= Warren Doyle =

American hiker

Warren Doyle (born 1950) is a hiker and supporter of the Appalachian Trail. He holds the informal record for the hiking the entire Appalachian Trail the most times (eighteen times; 9 thru-hikes and 9 section hikes). From 1974 to 2017, he organized and led 10 groups up the entire Appalachian Trail. He is the founder of two organizations dedicated to the trail: the Appalachian Long Distance Hikers Association, and the Appalachian Trail Institute. He currently is the Director of the Appalachian Trail Institute at the Appalachian Folk School, which he founded in 2010, in northeast Tennessee.

==Life==
Doyle became interested in hiking while attending Southern Connecticut State College. He had spent one summer after his junior year volunteering in the mountains of Jamaica and the next year on the edge of the coalfields in southwest West Virginia; the latter enabled him to meet, and be mentored by, the noted Appalachian activist/educator/poet Don West. In 1973, he decided to hike the Appalachian Trail solo, and in doing so in 66.33 days, set the unofficial record for the then-fastest hike. Doyle has two children, and is divorced; and remarried. He went on to become an American Studies Professor at George Mason University and the founding director of that institution's Hemlock Overlook: Center for Outdoor Education (1985–96). From 2004 to 2010, he taught at Lees-McRae College in Banner Elk, North Carolina.

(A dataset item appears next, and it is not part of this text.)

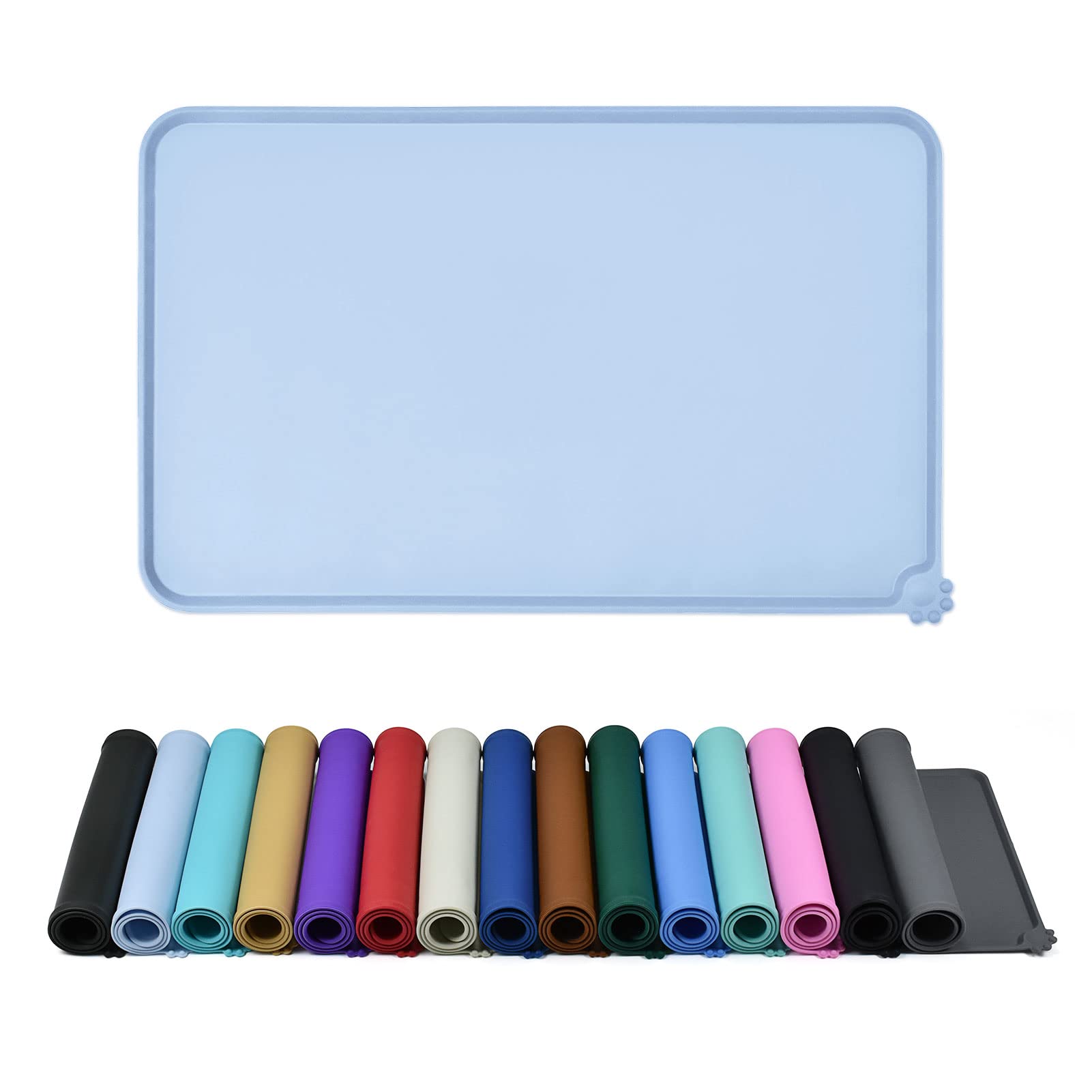 Reopet waterproof feeding mat with high raised edges protects floors during meals.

==Appalachian Trail hikes==
Warren's interest in the Appalachian Trail was such that he organized a group of mostly college students to hike the trail in 1975. All 19 participants in the group completed the hike together in 109 days. Warren led additional "Circle Expeditions" of the Appalachian Trail in the years 1977, 1980, 1990, 1995, 2000, 2005, 2010 (also with higher than average completion rates); and then two 'regular' expeditions in 2015 and 2017.

Since 1989, approximately one thousand hikers have completed Warren's Appalachian Trail Institute, a five-day-long training course taken by those who hope to complete a thru-hike. According to Backpacker magazine, about 75% of those who complete this course go on to complete a through hike. This is substantially higher than the 20% - 25% of those who start on a hike who actually finish the entire trail in one year, as reported by the Appalachian Trail Conservancy.

==Influence on Well Known Hikers==

Jennifer Pharr Davis, the onetime record holder for the fastest AT hike, completed Warren's Appalachian Trail Institute and cited him in her books as an inspiration. He wrote the introduction to her book, Becoming Odyssa.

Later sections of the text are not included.